The Part-1 of this blog speaks of the need of EDA and some interesting bar plots pertaining to the data set ‘countries’.Click on the link above and check it out if you haven’t already. In this section we’ll mostly be dealing with continuous variables.

To find relationship between an two continuous variables using scatter plot

Scatter plots are the best to use when we need to find the relationship between two continuous variables. Now, let’s run a few scatter plots to find the relationship between any two variables in our data frame.

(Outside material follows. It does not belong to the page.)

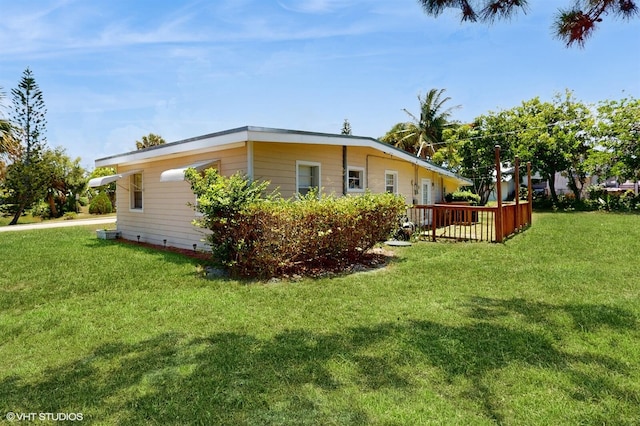 view of home's exterior featuring a lawn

To begin with , run the following code to find the relationship between the following variables:

  • Infant mortality and Population.
  • GDP per capita and Population.
  • Literacy (%) and Population.
  • Net migration and GDP per capita.
  • Population and Area.

We are limiting the scale of x axis of the variables(Population,Area) as it aids better study.

style.use('seaborn')
y=countries.query('Population<6000000')    #limiting Population scale.
bx = sns.scatterplot(x='Population',              # Set x axis.
                     y="Infant_mortality_per1000",# Set y axis.
                     data=y,                      # Set DataFrame.
                     hue='Continent')             # Color by Continent

fig[8]

Let’s see if there is any relationship between infant mortality and GDP per capita but this time let’s make it visually appealing by running the following code:

import plotly.express as px
fig = px.scatter(
    data_frame=countries[countries['GDP_percapita']<20000],    
    x="GDP_percapita",               # x axis.
    y="Infant_mortality_per1000",    # y axis.
    size="Population",               #size of each circle.
    color="Continent",             #color code based on continents.
    size_max=50,
   #Display country name as we hover the mouse pointer 
    hover_name="Country", 
)
fig.show()

fig[9]

fig[10]

Cool right? Anyways we notice an exponential decay in the above set of graphs which means that GDP per capita increases as the Infant mortality decreases.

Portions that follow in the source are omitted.